The Capital Jury Project (CJP) is a consortium of university-based research studies on the decision-making of jurors in death penalty cases in the United States. It was founded in 1991 and is supported by the National Science Foundation (NSF). The goal of the CJP is to determine whether jurors' sentencing decisions conform to the constitution and do not reflect the arbitrary decisions the United States Supreme Court found when it ruled the death penalty unconstitutional in Furman v. Georgia.[1] That 1972 Supreme Court decision eliminated the death penalty, which was not reinstated until Gregg v. Georgia in 1976.[2]
In 1987, the Supreme Court ruled in McCleskey v. Kemp that statistics showed that blacks in Georgia were more likely to be sentenced to death than whites, but concluded that the evidence of specific racial discrimination in McCleskey's case was lacking so McCleskey's death sentence was not unconstitutional.[3] However, this decision raised the issue of whether the problem of arbitrary or racist death penalties has been resolved.[2]
The CJP is a continuing research program. Its findings are based on a standard protocol of in-depth interviews with past jurors in capital punishment trials. The interviews seek to identify the jury decision-making throughout a trial and identify the ways in which jurors make their sentencing decisions. The CJP was expanded to examine the role played by jurors' race in making death penalty decisions.[1]
This work represents a significant advance over prior studies of jury behavior, most of which have been conducted on samples of students who simulated jury behavior in mock trials.[4] Data collection for CJP is being gathered in the states that have the most variation in death penalty sentencing. Alabama, California, Florida, Georgia, Indiana, Kentucky, Louisiana, Missouri, North Carolina, Pennsylvania, South Carolina, Tennessee, Texas and Virginia were chosen for in-depth juror interviews. As of October 2007, 1198 jurors from 353 capital trials in 14 states have been interviewed.[5]
Weighing factors in a death penalty case and making a decision "beyond a reasonable doubt" is a complex task with many complicating factors and weighted with moral responsibility. Trials are conducted using legal terms that the jury may not understand. Jurors may be uncertain about their alternatives in making decisions.[6]

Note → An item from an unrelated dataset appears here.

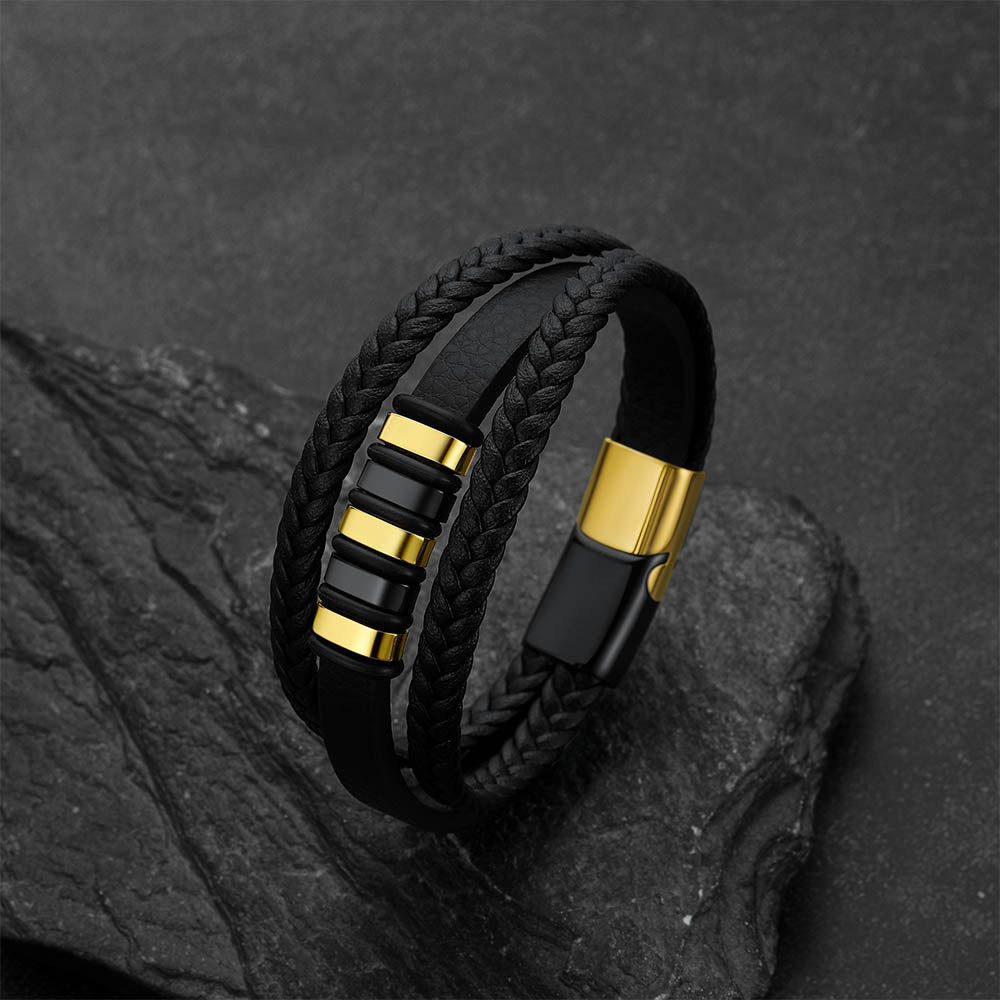 Gothic-style multi-layered leather bracelet against a dark gray rock background.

The first important paper on the findings of the CJP so far documents that jurors do not rely on expert testimony to evaluate the defendant's dangerousness but are influenced by expert testimony regarding the defendant's mental illness and mental instability. Jurors accept that mental health professionals have expertise on issues of mental illness and tend to accept expert testimony on the subject. However, expert testimony on the potential dangerousness of the defendant was not related to jury opinion. On these issue it appears that jurors rely on common sense since there is no evidence that experts of any kind can predict dangerousness and jurors disregard expert testimony accordingly.[4]
The findings also show that race is a significant factor. If the defendant is white, the jury is more likely to evaluate him as mentally unstable than if he were black. Also, the jury was more likely to see the defendant as dangerous if the victim were white.[4] Some admit overtly to racial prejudice and some voice seemingly unwitting racially prejudiced beliefs.[7] As noted below, the race of the victim plays a substantial role in whether the jury finds mitigating factors that would allow a lesser sentence than the death penalty.[4]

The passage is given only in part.